Cierta noche, poco antes de unas elecciones, el Club del Progreso estaba muy concurrido y animado.
En las dos mesas de billar, la de carambola y la de casino, se hacían
partidas de cuatro, con numerosa y dicharachera barra. Las mesitas de
juego estaban rodeadas de aficionados al truco, al mus y al siete y
medio, sin que en un extremo del salón faltaran los infalibles
franceses, con el vicecónsul Petitjean a la cabeza, engolfados en su
sempiterna partida de «manille».
El grupo más interesante era, en la primera mesita del salón, frente a
la puerta de la sala de billares, el que formaban el intendente Luna,
presidente del Concejo, varios concejales y el diputado Cisneros, de
visita en Pago Chico para preparar las susodichas elecciones.
Entregábanse a un animado truco de seis, conversadísimo, cuyos lances
eran a cada paso motivo de griterías, risotadas, palabrotas con
pretensiones de chistes y vivos comentarios de los mirones que, en
círculo alrededor, trataban más de hacerse ver por el diputado que de
seguir los incidentes de la brava partida.

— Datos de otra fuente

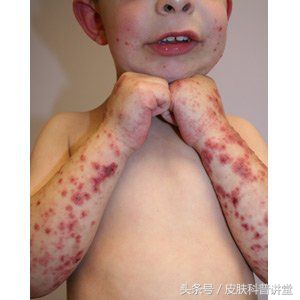 双小腿起红疹子是什么原因,双小腿出现有一片红点是什么原因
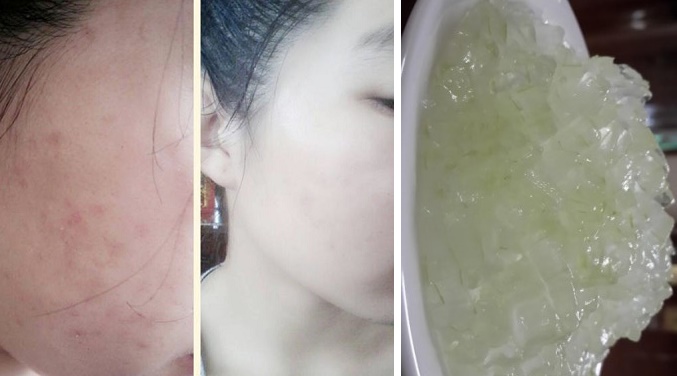 Nhờ mẹo nhỏ của mẹ tôi đã trị mụn thành công sau 2 tuần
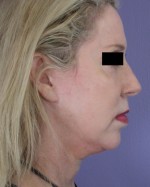 Cheek/Chin Shaping Before and after photo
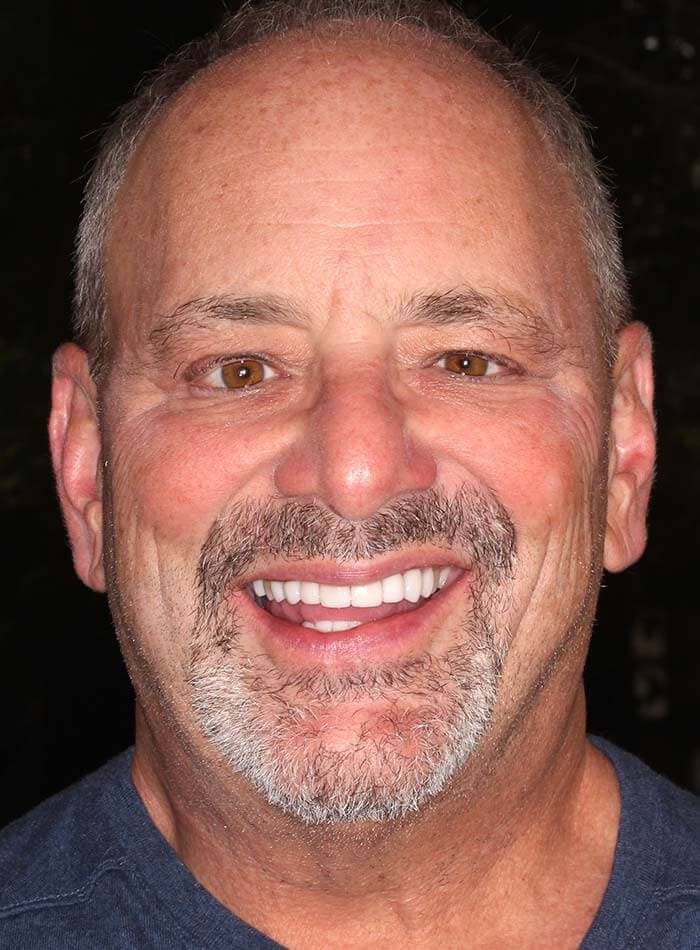After smile makeover, case 15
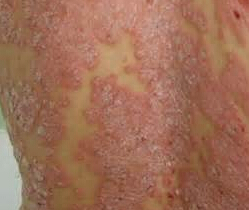 牛皮癬患者為何應(yīng)避免食用生冷食物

Junto a ellos, sentado en un sillón, con la pierna derecha cruzada
sobre la izquierda, acariciándose la bota, abrazándola casi, el
comisario Barraba con el chambergo echado sobre las cejas y dejándole en
sombra la mitad de la cara achinada, ancha y corta, de ralo y duro
bigote negro, hablaba ora con los jugadores, ora con los mirones,
lanzando frasecitas cortas y terminantes como cuadra a tan omnímoda
autoridad.
Descontentos no había en el club más que tres o cuatro: Tortorano,
Troncoso y Pedrín Pulci a caza de noticias, cuya tibieza les permitía
andar por donde se les diera la real gana.
Los tres se hallaban cerca de la mesa del intendente y el diputado,
podían oír lo que en ella se decía, y hasta replicar de vez en cuando
—aunque con moderación naturalmente—, al comisario Barraba.